Jeep has revealed details of a powerful plug-in hybrid version of the Renegade SUV, set to go on sale in June 2020.
Revealing the Renegade PHEV in cutaway form, Jeep’s Head of Product Marketing Marco Pigozzi said the company intended for the new model ‘to sell in volume’ and, to that end, the Renegade PHEV would be priced ‘aggressively’.
The new car is substantially based on today’s Renegade, with the most major change being the addition of a 134bhp rear-mounted electric motor, mounted on a modified version of the AWD Renegade’s rear subframe.
The battery - which will be good for an EV range of 31 miles at up to 81mph in ideal conditions - has been mounted in the floorpan’s centre tunnel and also takes up some space under the rear seat. The fuel tank - also under the rear seat - has been squeezed down to a capacity of 39-litres.

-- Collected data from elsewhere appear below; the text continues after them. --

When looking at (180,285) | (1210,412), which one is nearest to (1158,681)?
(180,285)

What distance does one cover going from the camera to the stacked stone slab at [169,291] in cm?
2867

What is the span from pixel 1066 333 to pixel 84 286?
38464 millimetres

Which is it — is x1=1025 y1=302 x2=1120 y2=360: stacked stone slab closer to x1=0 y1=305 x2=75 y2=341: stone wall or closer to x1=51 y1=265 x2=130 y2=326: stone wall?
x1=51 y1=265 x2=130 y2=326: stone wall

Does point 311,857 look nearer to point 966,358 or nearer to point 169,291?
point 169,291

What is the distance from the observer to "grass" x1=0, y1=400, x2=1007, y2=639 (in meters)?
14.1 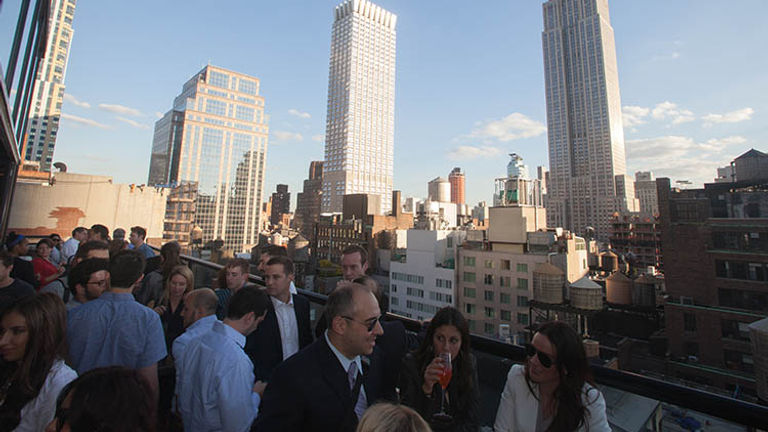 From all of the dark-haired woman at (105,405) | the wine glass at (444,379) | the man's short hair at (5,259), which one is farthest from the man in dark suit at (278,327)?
the man's short hair at (5,259)

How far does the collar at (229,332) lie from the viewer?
7.68 feet

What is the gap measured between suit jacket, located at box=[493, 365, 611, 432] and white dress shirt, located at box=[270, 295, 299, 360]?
1.90 meters

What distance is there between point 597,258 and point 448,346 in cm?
5543

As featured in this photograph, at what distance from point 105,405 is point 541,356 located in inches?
89.6

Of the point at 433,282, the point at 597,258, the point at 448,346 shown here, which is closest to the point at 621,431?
the point at 448,346

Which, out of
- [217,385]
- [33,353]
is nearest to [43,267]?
[33,353]

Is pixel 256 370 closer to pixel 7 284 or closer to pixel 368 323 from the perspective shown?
pixel 368 323

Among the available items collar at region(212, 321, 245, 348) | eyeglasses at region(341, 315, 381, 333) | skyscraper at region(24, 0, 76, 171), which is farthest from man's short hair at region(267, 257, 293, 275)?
skyscraper at region(24, 0, 76, 171)

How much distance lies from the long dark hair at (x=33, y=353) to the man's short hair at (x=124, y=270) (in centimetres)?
45

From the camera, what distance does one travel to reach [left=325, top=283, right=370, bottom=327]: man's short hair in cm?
180

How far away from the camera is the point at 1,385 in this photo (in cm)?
178

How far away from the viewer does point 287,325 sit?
308cm

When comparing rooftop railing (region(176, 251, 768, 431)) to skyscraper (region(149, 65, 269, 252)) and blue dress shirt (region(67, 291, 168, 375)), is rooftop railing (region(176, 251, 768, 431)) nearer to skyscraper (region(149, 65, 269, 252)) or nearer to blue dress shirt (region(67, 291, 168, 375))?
blue dress shirt (region(67, 291, 168, 375))

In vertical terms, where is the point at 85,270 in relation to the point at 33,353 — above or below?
above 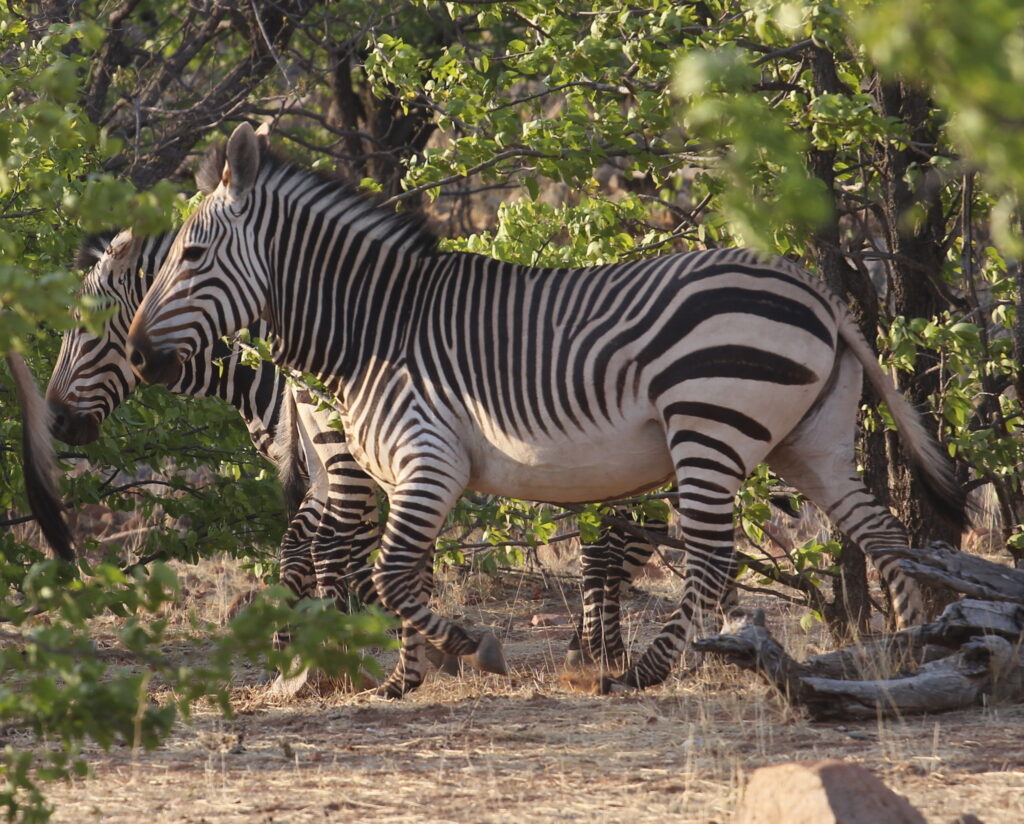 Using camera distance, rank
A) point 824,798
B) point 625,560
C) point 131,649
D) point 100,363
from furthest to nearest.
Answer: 1. point 625,560
2. point 100,363
3. point 824,798
4. point 131,649

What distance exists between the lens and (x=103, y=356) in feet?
22.0

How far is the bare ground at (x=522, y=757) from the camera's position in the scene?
397 cm

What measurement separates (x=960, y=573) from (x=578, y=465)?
164cm

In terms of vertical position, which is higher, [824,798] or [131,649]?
[131,649]

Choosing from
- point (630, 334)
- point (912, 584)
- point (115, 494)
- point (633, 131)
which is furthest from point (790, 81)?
point (115, 494)

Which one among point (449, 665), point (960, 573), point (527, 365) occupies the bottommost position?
point (449, 665)

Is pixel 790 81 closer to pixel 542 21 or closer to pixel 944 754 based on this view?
pixel 542 21

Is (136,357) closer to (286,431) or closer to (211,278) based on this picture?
(211,278)

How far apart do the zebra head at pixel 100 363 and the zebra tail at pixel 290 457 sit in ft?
2.67

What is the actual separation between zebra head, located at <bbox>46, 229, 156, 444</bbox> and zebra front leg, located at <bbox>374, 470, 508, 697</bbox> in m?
1.88

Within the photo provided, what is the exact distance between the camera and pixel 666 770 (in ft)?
14.2

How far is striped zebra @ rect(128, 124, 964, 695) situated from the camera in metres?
5.35

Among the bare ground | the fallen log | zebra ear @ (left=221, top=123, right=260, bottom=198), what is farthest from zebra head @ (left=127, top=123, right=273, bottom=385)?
the fallen log

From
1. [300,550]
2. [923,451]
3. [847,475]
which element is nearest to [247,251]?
[300,550]
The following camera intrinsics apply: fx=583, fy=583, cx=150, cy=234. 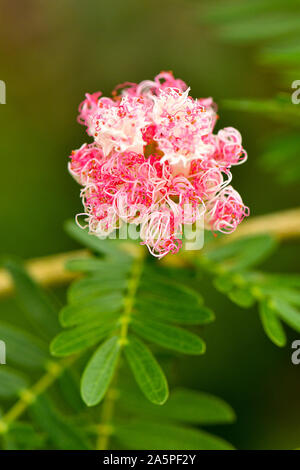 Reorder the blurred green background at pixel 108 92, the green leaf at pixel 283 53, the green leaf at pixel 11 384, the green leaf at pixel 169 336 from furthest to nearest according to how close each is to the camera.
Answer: the blurred green background at pixel 108 92 < the green leaf at pixel 283 53 < the green leaf at pixel 11 384 < the green leaf at pixel 169 336

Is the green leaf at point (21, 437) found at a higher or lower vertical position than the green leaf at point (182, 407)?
lower

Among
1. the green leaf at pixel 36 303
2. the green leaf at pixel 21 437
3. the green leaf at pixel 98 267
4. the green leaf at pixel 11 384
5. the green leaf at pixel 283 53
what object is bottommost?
the green leaf at pixel 21 437

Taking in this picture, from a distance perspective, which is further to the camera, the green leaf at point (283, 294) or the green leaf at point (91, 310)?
the green leaf at point (283, 294)

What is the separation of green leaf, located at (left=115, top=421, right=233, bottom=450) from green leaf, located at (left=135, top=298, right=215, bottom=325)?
337 millimetres

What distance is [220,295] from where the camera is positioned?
121 inches

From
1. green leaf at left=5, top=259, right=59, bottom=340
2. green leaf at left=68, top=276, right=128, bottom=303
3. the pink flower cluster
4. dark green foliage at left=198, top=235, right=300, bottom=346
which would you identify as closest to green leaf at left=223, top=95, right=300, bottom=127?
the pink flower cluster

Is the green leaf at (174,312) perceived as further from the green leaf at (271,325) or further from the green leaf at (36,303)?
the green leaf at (36,303)

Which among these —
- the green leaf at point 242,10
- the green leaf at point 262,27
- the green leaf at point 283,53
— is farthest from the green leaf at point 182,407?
the green leaf at point 242,10

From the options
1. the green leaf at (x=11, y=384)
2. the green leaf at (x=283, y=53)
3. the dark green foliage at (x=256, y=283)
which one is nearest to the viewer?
the dark green foliage at (x=256, y=283)

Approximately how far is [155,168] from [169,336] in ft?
1.37

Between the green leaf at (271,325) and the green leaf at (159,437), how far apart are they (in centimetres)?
35

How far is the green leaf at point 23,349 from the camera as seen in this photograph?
1652mm
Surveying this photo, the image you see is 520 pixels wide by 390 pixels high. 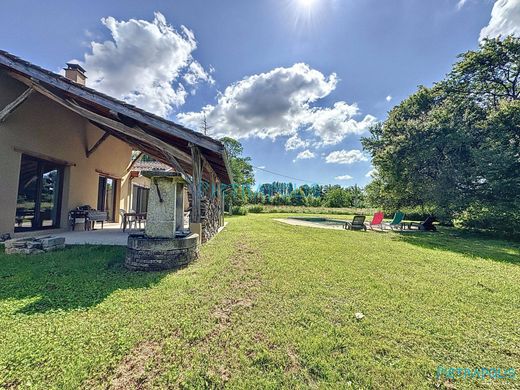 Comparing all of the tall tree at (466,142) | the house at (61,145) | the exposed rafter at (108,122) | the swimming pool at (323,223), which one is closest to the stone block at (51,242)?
the house at (61,145)

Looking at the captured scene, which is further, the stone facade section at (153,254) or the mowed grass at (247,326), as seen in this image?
the stone facade section at (153,254)

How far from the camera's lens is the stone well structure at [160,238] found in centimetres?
441

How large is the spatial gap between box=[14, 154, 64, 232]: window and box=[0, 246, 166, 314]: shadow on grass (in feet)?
7.60

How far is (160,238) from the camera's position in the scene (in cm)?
457

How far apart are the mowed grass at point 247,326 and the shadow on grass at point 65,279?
0.8 inches

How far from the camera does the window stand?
6824 mm

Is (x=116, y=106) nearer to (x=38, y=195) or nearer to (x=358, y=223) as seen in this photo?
(x=38, y=195)

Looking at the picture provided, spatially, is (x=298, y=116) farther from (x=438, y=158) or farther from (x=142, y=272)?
(x=142, y=272)

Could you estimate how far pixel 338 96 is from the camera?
16562mm

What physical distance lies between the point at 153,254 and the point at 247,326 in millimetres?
2737

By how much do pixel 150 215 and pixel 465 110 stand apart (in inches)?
728

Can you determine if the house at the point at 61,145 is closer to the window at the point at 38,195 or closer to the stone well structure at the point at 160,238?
the window at the point at 38,195

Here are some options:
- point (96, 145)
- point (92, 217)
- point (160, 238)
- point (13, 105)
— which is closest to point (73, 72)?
point (96, 145)

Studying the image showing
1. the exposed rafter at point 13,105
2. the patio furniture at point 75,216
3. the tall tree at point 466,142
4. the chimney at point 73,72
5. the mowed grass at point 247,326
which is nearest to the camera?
the mowed grass at point 247,326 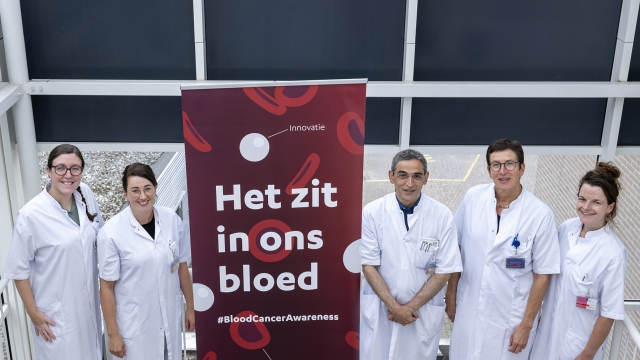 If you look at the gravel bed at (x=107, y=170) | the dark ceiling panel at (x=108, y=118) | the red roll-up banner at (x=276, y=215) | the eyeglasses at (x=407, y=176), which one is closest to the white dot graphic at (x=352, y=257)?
the red roll-up banner at (x=276, y=215)

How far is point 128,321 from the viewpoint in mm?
3035

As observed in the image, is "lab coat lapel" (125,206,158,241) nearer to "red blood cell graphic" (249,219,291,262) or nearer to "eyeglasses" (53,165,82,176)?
"eyeglasses" (53,165,82,176)

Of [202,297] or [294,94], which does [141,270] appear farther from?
[294,94]

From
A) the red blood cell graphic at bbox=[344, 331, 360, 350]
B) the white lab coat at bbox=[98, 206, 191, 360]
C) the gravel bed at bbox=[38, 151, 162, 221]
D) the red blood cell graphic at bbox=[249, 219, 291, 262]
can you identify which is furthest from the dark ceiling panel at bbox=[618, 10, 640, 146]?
the gravel bed at bbox=[38, 151, 162, 221]

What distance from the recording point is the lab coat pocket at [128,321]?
9.91 feet

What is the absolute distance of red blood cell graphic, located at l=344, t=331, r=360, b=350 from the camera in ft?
10.2

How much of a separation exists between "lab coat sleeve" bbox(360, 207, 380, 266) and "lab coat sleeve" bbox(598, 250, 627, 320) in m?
1.02

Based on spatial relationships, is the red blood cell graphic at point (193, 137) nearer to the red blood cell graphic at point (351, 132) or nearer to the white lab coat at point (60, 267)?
the red blood cell graphic at point (351, 132)

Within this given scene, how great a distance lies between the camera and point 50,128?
12.1 feet

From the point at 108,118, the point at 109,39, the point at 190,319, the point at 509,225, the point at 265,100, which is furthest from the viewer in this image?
the point at 108,118

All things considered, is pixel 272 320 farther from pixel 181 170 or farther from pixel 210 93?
pixel 181 170

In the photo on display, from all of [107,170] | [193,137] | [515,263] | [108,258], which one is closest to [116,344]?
[108,258]

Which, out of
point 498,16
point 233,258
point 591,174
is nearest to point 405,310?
point 233,258

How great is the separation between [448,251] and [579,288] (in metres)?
0.60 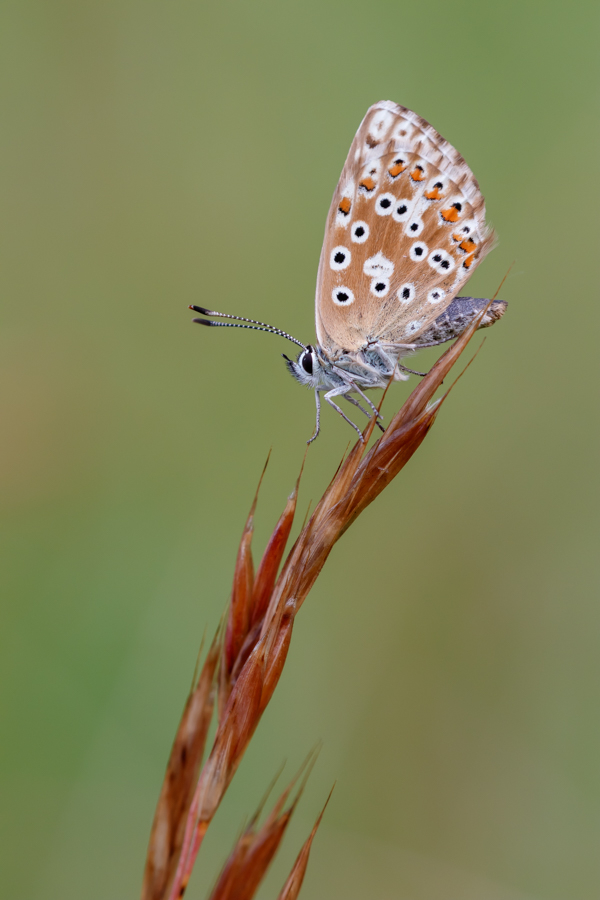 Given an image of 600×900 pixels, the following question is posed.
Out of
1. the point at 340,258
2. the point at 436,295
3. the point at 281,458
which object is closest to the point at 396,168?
the point at 340,258

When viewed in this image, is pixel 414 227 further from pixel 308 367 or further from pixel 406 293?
pixel 308 367

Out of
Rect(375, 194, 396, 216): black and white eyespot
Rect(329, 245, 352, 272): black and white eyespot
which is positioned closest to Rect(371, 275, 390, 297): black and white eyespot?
Rect(329, 245, 352, 272): black and white eyespot

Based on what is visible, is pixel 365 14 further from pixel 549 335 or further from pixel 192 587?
pixel 192 587

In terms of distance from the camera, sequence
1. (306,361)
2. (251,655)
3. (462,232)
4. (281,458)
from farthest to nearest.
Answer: (281,458)
(306,361)
(462,232)
(251,655)

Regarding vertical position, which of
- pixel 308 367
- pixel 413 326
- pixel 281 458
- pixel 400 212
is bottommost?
pixel 281 458

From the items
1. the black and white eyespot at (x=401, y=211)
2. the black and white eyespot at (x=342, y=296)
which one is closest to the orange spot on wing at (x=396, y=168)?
the black and white eyespot at (x=401, y=211)

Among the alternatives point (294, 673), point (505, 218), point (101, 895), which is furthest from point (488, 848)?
point (505, 218) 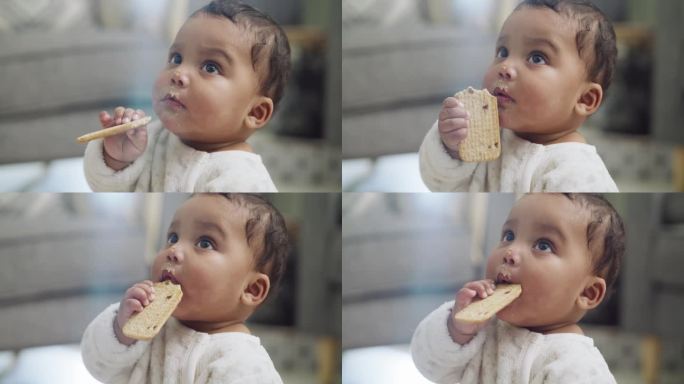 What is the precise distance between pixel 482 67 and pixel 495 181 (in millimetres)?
168

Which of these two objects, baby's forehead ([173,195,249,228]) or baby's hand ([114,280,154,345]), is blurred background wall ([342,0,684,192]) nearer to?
baby's forehead ([173,195,249,228])

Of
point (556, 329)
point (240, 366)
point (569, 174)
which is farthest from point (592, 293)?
point (240, 366)

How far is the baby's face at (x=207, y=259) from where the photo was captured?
145cm

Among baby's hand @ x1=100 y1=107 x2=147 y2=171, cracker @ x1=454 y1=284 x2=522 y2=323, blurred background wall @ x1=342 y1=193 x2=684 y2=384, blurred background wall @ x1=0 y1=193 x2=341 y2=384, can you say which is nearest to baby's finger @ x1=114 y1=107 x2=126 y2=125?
baby's hand @ x1=100 y1=107 x2=147 y2=171

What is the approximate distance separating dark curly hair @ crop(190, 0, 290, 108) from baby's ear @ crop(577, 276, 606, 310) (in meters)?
0.53

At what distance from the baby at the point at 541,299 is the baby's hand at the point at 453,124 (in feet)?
0.42

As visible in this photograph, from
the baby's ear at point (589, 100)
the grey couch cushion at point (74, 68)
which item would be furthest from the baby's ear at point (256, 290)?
the baby's ear at point (589, 100)

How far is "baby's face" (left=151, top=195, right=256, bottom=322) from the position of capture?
57.2 inches

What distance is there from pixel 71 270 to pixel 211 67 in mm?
365

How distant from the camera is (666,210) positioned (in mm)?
1477

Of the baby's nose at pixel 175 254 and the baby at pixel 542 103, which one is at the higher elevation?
the baby at pixel 542 103

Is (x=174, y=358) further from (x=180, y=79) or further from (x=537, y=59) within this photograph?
(x=537, y=59)

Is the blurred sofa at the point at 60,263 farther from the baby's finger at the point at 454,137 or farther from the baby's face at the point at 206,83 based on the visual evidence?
the baby's finger at the point at 454,137

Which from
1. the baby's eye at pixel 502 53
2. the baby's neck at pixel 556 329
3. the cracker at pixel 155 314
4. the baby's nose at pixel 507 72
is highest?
the baby's eye at pixel 502 53
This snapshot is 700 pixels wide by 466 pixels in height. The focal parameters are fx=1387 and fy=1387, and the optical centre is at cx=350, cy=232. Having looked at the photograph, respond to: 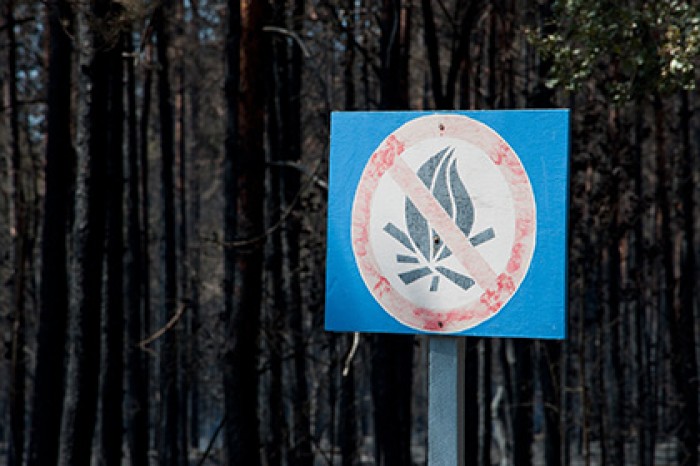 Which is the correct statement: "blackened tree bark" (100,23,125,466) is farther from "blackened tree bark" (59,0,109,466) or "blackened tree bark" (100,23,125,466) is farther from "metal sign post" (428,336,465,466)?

Under the bonnet, the 177bhp four-cylinder turbo petrol engine now drives the front wheels through a six-speed automatic ‘box (in place of the standard nine-speed unit). The engine also gains a belt-activated generator, which recharges the battery when the car is braking or coasting.
The car can run in pure EV mode with electric power sent to the rear wheels, in pure petrol mode with drive to the front wheels and as a petrol hybrid with the generator assisting the engine. In all-wheel drive mode, there’s a total of 237bhp shared between all four wheels, allowing it to achieve a 0-62mph time of around seven seconds. It will also be possible to put the battery on ‘hold’ so it can be used when arriving in city centres at the end of a journey.
Jeep is also promising a significant improvement in off-road ability because the rear electric motor offers a very precisely controlled 191 lb ft of torque that can be split between each rear wheel. There will also be a ‘TrailRated’ version of this Renegade that will be able to wade through water that's up to 60cm deep.
Pigozzi says that the intention was to create this plug-in version without compromising interior room and that no space has been lost in the rear cabin, while the boot floor did not need to be raised. The main change was the loss of 15 litres in the boot because some of the electronic control systems are mounted on the boot wall.